The default mechanism in Tensorflow.NET uses ThreadID.
Replace Task.Run with new Thread(()=> ...).Start(); or create a long-running task using task factory.

Also LoadFromSavedModel() does not set the created Session as default (@Oceania2018 it should, fix it please)
Replace the LoadFromSavedModel to the following:
_session = Session.LoadFromSavedModel(modelLocation).as_default();

Let me know if that made any difference.

Nucs · 2019-09-09T21:25:12Z

I've tested it locally and it works fluently.
Program.cs: https://pastebin.com/upNWzmHk
Predictor.cs: https://pastebin.com/i96ZMyVV

I'll add information about it the wiki.

Nucs · 2019-09-09T21:28:17Z

If you'll need to do multi-threaded unit tests in the future, you are welcome to use MultiThreadedUnitTestExecuter I wrote for the library:
https://github.com/SciSharp/TensorFlow.NET/blob/master/test/TensorFlowNET.UnitTest/Utilities/MultiThreadedUnitTestExecuter.cs

Usage:

MultiThreadedUnitTestExecuter.Run(threadCount: 8, worload: tid => ...);

deadman2000 · 2019-09-10T07:33:49Z

@Nucs as_default not helps.
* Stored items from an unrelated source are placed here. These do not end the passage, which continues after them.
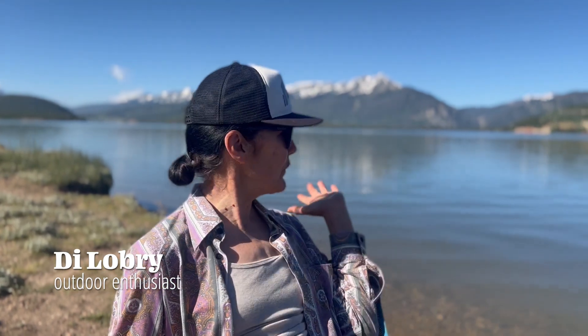Hi, welcome back to today's episode of Gear to Die For. Thanks for joining us on beautiful Lake Dillon. Finally summer here in Colorado, so let's get into it.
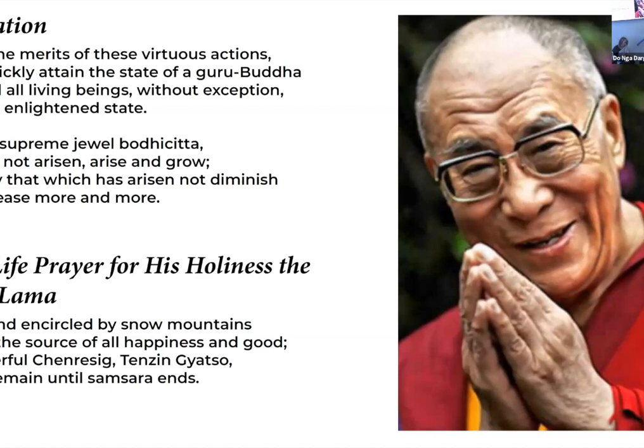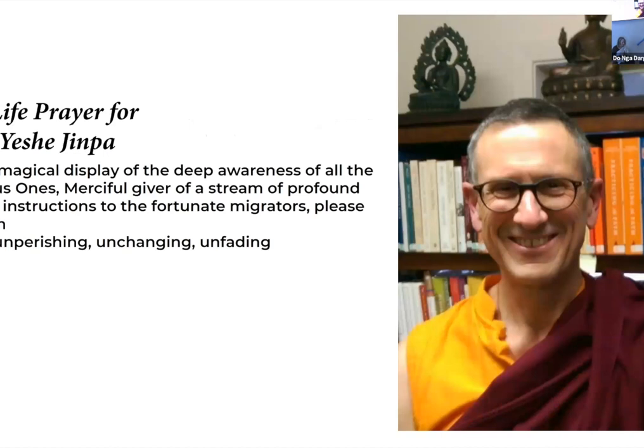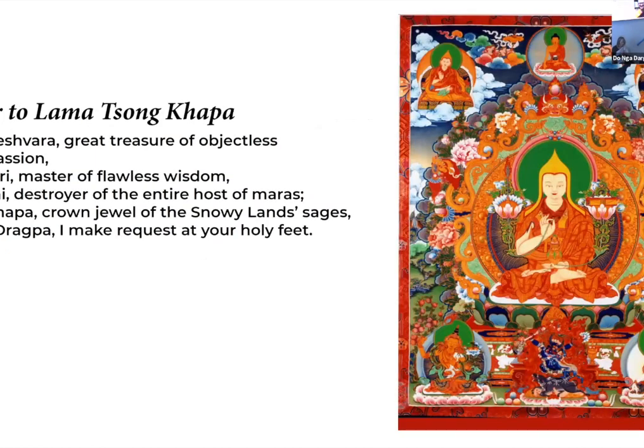Closing prayer: 'Due to the merits of these virtuous actions, may I quickly attain the state of Guru Buddha and lead all living beings without exception into that enlightened state. May the supreme jewel bodhicitta that has not arisen arise and grow. May that which has arisen not diminish but increase more and more. The land circled by snow mountains — you are the source of all happiness and good. All-powerful Chenrezig, Tenzin Gyatso, please remain until samsara ends. May the teachings of the Buddha flourish; may the upholders of the teachings remain forever. May all migrators achieve happiness and fulfill all their temporary and ultimate goals. Lozang Drakpa — crown jewel of the snowland sages — I make requests at your holy feet.'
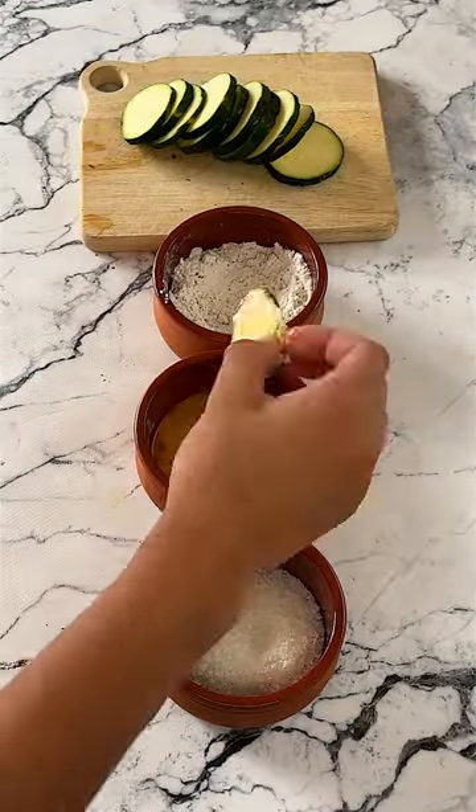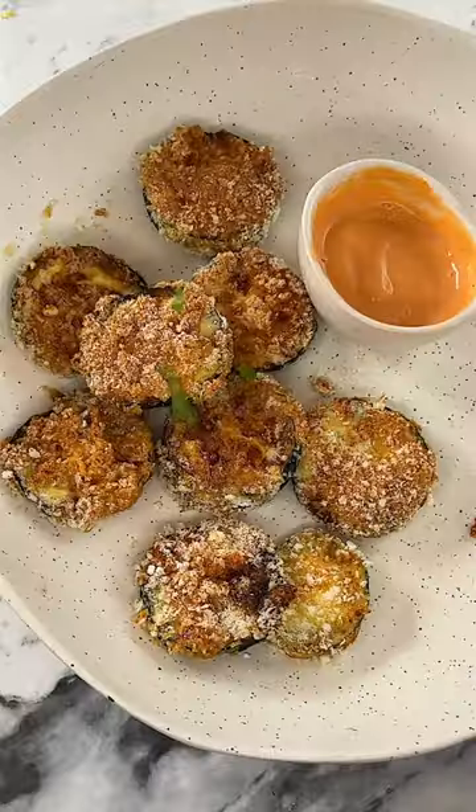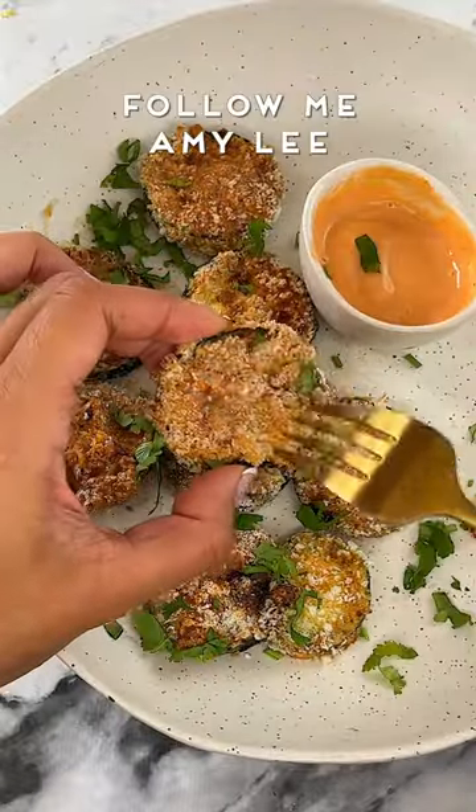Coat the zucchini in the flour, egg, and crumbs, making sure to shake off the excess, then air fry until golden brown, making sure to flip halfway through. I serve mine with homemade sriracha mayo made with yogurt.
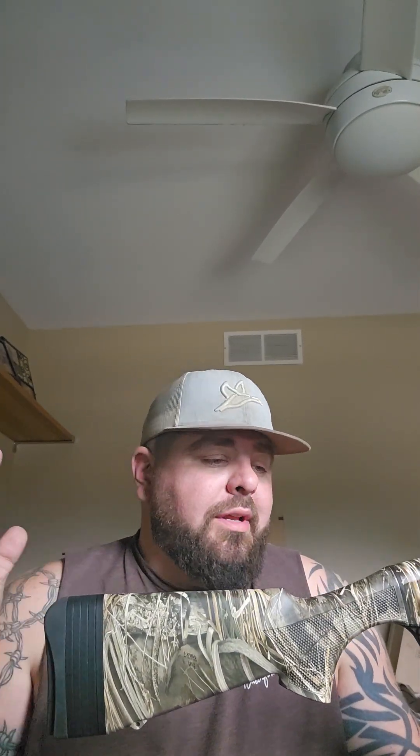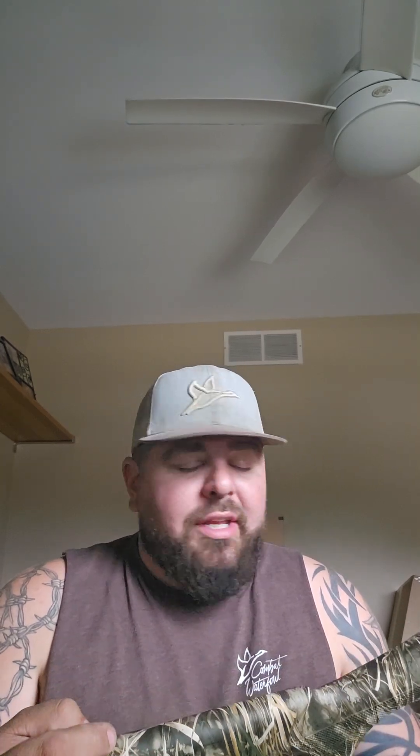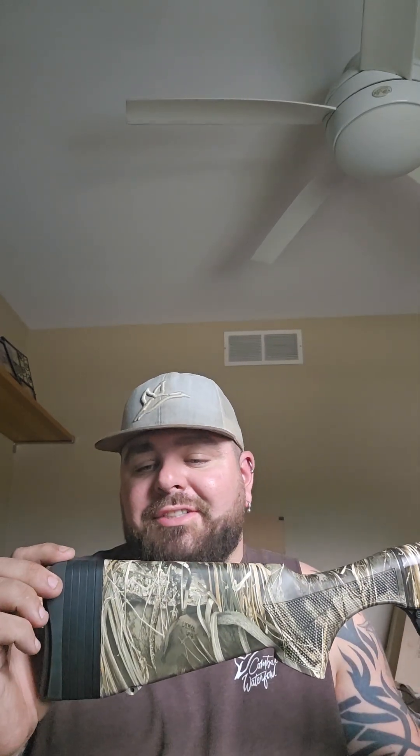Hey everyone, I just want to go ahead and make a video for this. I know I made a video on the Rite Gordian 20 gauge, but I ended up getting the compact version. The reason I got this gun is because I have a nephew that's a little bit younger right now — he's about 10 — but he's big enough he can handle a 20 gauge. He just had a hard time reaching the length of pull to shoot my 20 gauge. Rite came out with the compact version.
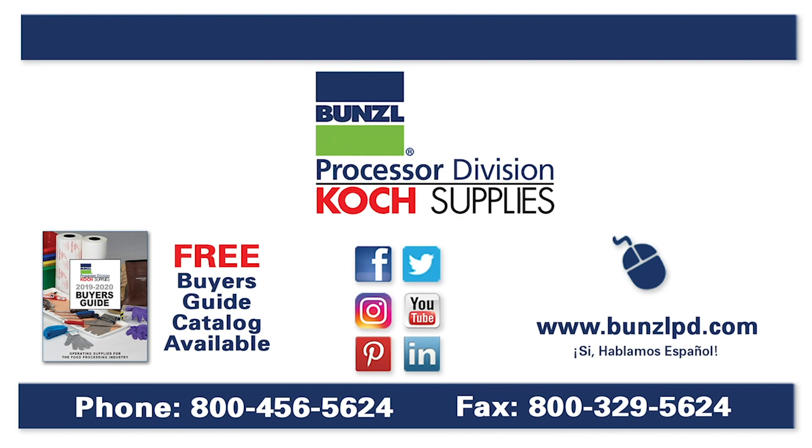For more information, please visit our website at BunzelPD.com or give us a call at 1-800-456-5624.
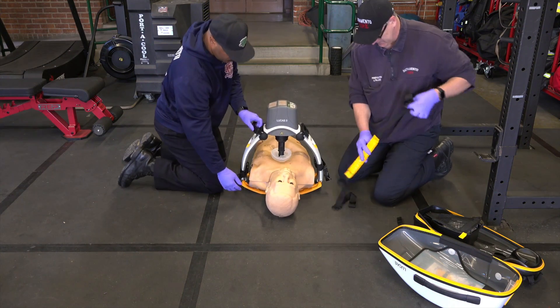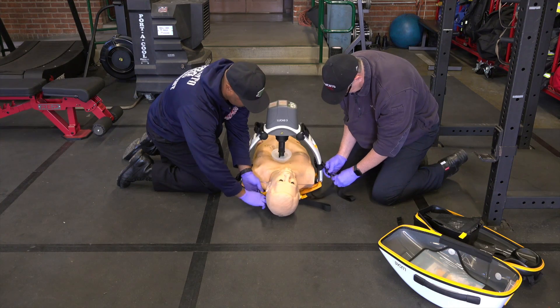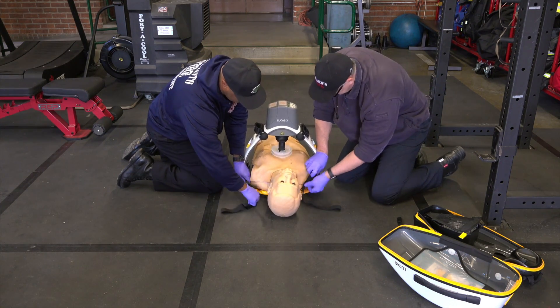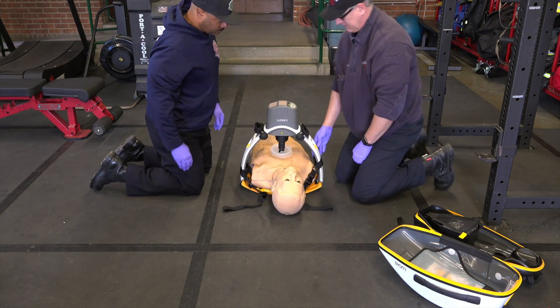Now lowering the cup down and activating the device in 30 to 2 mode — the device begins to deliver compressions. They slide the shoulder strap underneath the patient, attach it to both clips, tighten down, and literally just that fast, CPR is underway.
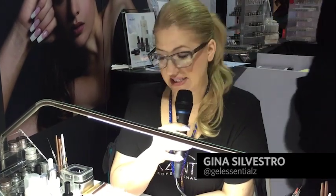Hi, my name is Gina Silvestro and I'm here at the Accents booth. One of the biggest questions we get is: what is the best way to adhere crystals to nails? A lot of people think they can just put the crystals on and they're going to stay, but it's actually a two-step or three-step process.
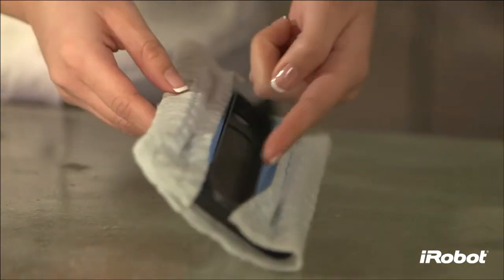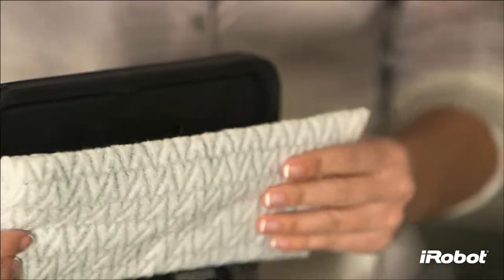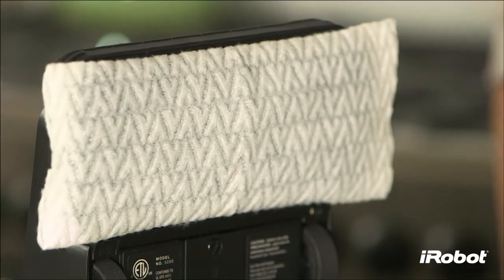Don't let the seams of the cloth extend beyond the edges. Then reattach the cleaning pad. Magnets will help it snap back into place.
Still Segmentation fault and AccessViolationException with random errors:

2019-09-10 10:20:22.989570: E tensorflow/core/framework/types.cc:102] Unrecognized DataType enum value 105
Expects arg[1] to be float but unknown dtype enum (105)_ref is provided
Tensorflow.TensorflowException: Expects arg[1] to be float but unknown dtype enum (105)_ref is provided
   в Tensorflow.Status.Check(Boolean throwException)
   в Tensorflow.BaseSession._call_tf_sessionrun(KeyValuePair`2[] feed_dict, TF_Output[] fetch_list, List`1 target_list)
   в Tensorflow.BaseSession._do_run(List`1 target_list, List`1 fetch_list, Dictionary`2 feed_dict)
   в Tensorflow.BaseSession._run(Object fetches, FeedItem[] feed_dict)
   в Tensorflow.BaseSession.run(Tensor fetche, FeedItem[] feed_dict)
   в CalcEventsTFS.Predictor.Predict(Single[][] inputs)
   в CalcEventsTFS.Program.<>c.<Main>b__2_0()
Expects arg[1] to be float but bfloat16 is provided
Tensorflow.TensorflowException: Expects arg[1] to be float but bfloat16 is provided
   в Tensorflow.Status.Check(Boolean throwException)
   в Tensorflow.BaseSession._call_tf_sessionrun(KeyValuePair`2[] feed_dict, TF_Output[] fetch_list, List`1 target_list)
   в Tensorflow.BaseSession._do_run(List`1 target_list, List`1 fetch_list, Dictionary`2 feed_dict)
   в Tensorflow.BaseSession._run(Object fetches, FeedItem[] feed_dict)
   в Tensorflow.BaseSession.run(Tensor fetche, FeedItem[] feed_dict)
   в CalcEventsTFS.Predictor.Predict(Single[][] inputs)
   в CalcEventsTFS.Program.<>c.<Main>b__2_0()
Expects arg[1] to be float but resource_ref is provided
Tensorflow.TensorflowException: Expects arg[1] to be float but resource_ref is provided
   в Tensorflow.Status.Check(Boolean throwException)
   в Tensorflow.BaseSession._call_tf_sessionrun(KeyValuePair`2[] feed_dict, TF_Output[] fetch_list, List`1 target_list)
   в Tensorflow.BaseSession._do_run(List`1 target_list, List`1 fetch_list, Dictionary`2 feed_dict)
   в Tensorflow.BaseSession._run(Object fetches, FeedItem[] feed_dict)
   в Tensorflow.BaseSession.run(Tensor fetche, FeedItem[] feed_dict)
   в CalcEventsTFS.Predictor.Predict(Single[][] inputs)
   в CalcEventsTFS.Program.<>c.<Main>b__2_0()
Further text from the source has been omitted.